In summary, in the present invention, the operation processor can control the image receiver to obtain the first image frame and the second image frame having the respective first feature blocks, and the operation processor can further take the first feature block of the first image frame and the first feature block of the second image frame as the training samples for training the image analysis model when the operation processor determines the first feature block of the first image frame meets the preset condition.
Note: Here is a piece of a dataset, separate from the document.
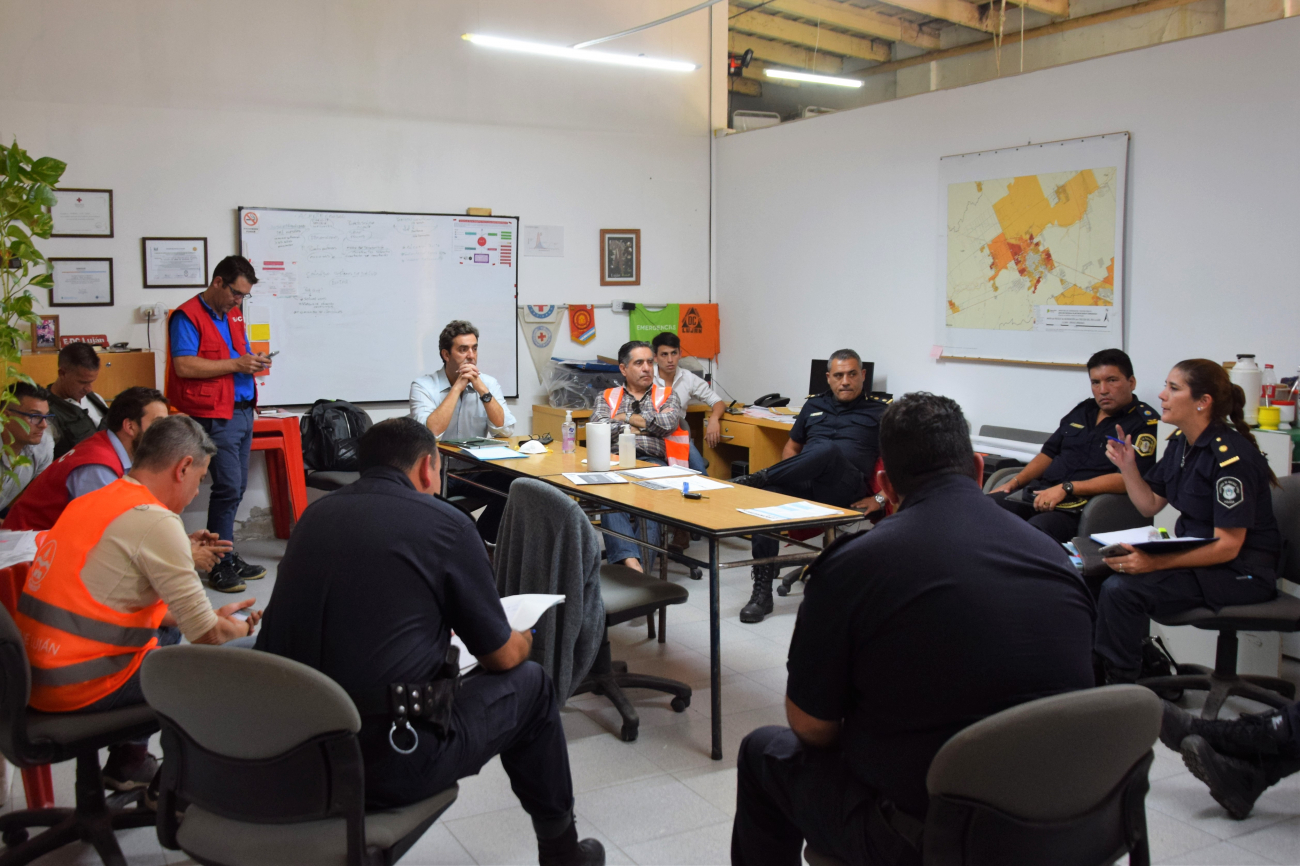 Coronavirus: Coordinación de operativos de seguridad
Therefore, when an image to be recognized has a low definition, the present invention can generate an accurate recognition result or sharpen the image.


These and other objectives of the present invention will no doubt become obvious to those of ordinary skill in the art after reading the following detailed description of the preferred embodiment that is illustrated in the various figures and drawings.





BRIEF DESCRIPTION OF THE DRAWINGS


FIG. 1 is a functional block diagram of a surveillance apparatus according to a first embodiment of the present invention.



FIG. 2 is a flow chart of an image analysis method according to the first embodiment of the present invention.



FIG. 3 is a diagram of a first image frame obtained by the surveillance apparatus according to the first embodiment of the present invention.



FIG. 4 is a diagram of a second image frame obtained by the surveillance apparatus according to the first embodiment of the present invention.



FIG. 5 is a diagram of a third image frame obtained by the surveillance apparatus according to the first embodiment of the present invention.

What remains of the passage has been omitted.